Catherine grinned. “Deal. And this time tomorrow we’ll be back here talking about what a weird freaking place that town is.”
“Okay.” Marisol pushed herself up from the bar stool. “I’m off tomorrow, and I’m not going home yet. There are too many cute boys in here to go home. Like that one over there. I’ll see you tomorrow.”
“I’ll just head back to my nun cell,” Catherine said, but Marisol was already striding across the bar.
Catherine liked knowing what awaited her at home: stacks of books and papers, what the writer Fritz Leiber had called the scholar’s mistress. She lay down at night with Garland William Stevens and woke beside him in the morning, but the metaphor failed there; she thought of her subject not as a lover but a mentor, a guide even. Sometimes even, she thought, psychopomp, but those were only in the darkest times, and she did not tell anyone about those.
As the human race embraces degeneracy, it also fears and despises it. This is not the degeneracy of everyday standards of behavior and morality the small-minded among us fret over, for man is in truth without morality beyond an ever-changing social construct. This is a terror of literal physical and mental degeneracy of the species, and it explains our repulsion toward invertebrate forms of life, toward the types of creatures scientists find existing on the bottom of the ocean, toward snakes and insects and all the other beings that remind us what we were before we were human and what we will be again when our nature asserts itself over our intelligence and draws us back into darkness.
—From the unpublished writings
of Garland William Stevens, date unknown
The following morning, Catherine headed over to the rare book room once she’d discharged her duties supervising freshmen exams.

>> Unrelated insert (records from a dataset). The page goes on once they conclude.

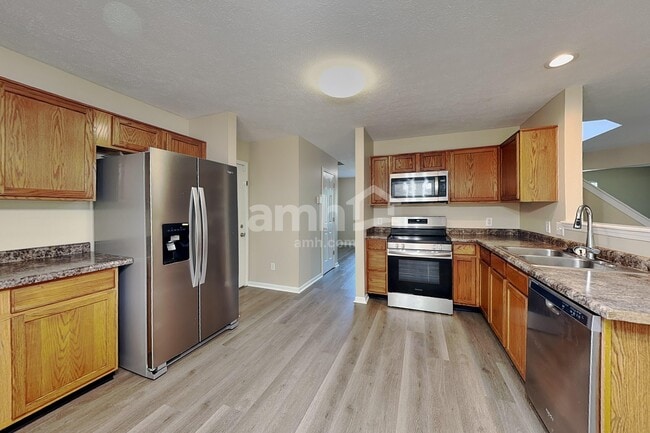 Photo - 5964 Keensburg Dr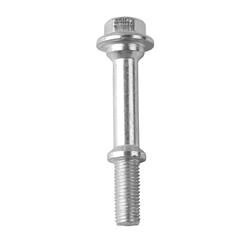 AP Exhaust Bolts and Screws HW430323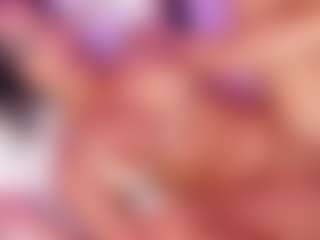 Alisse Miller's Live Sex Cam Show
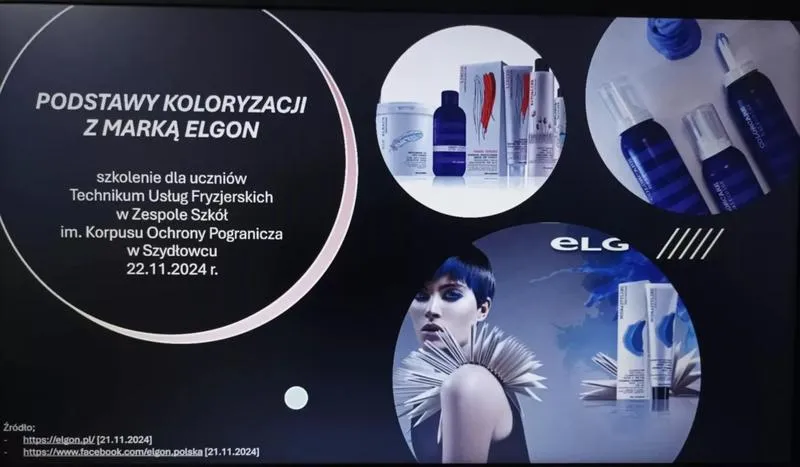 Jakie są realia finansowe: ile zarabia nauczyciel fryzjerstwa?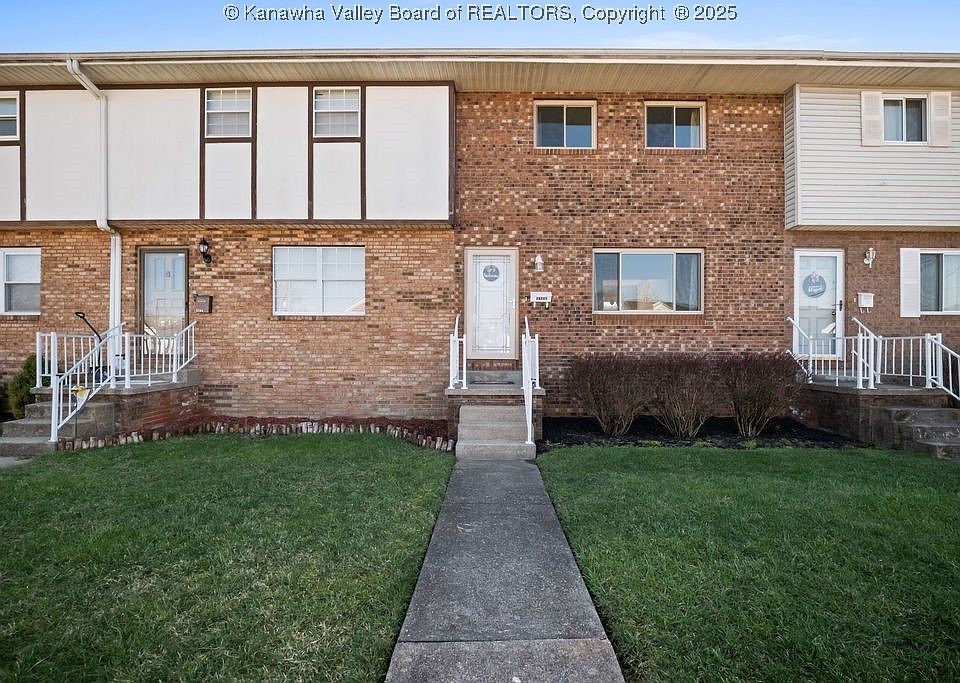 1st image of 5205A Kentucky St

She reflected as she let herself in on what a sheer stroke of luck her course of study had been— whether good or bad luck remained to be seen. She’d arrived at the University of Georgia primed to study advertising and make her fortune cynically hawking products at those too well off to care that they were being lied to. Her friends gave her shit about taking her writing and design skills and selling out, but she didn’t care; she’d been raised in near-poverty, with parents who always had a scheme to hand that was going to turn things around for the family and never did. She’d grown up in clothes from the Salvation Army, nourished on crappy fast food and cheap supermarket staples, and steeped in the knowledge that one inconvenient illness or untimely car breakdown could mean an eviction. She was determined to lead a different life.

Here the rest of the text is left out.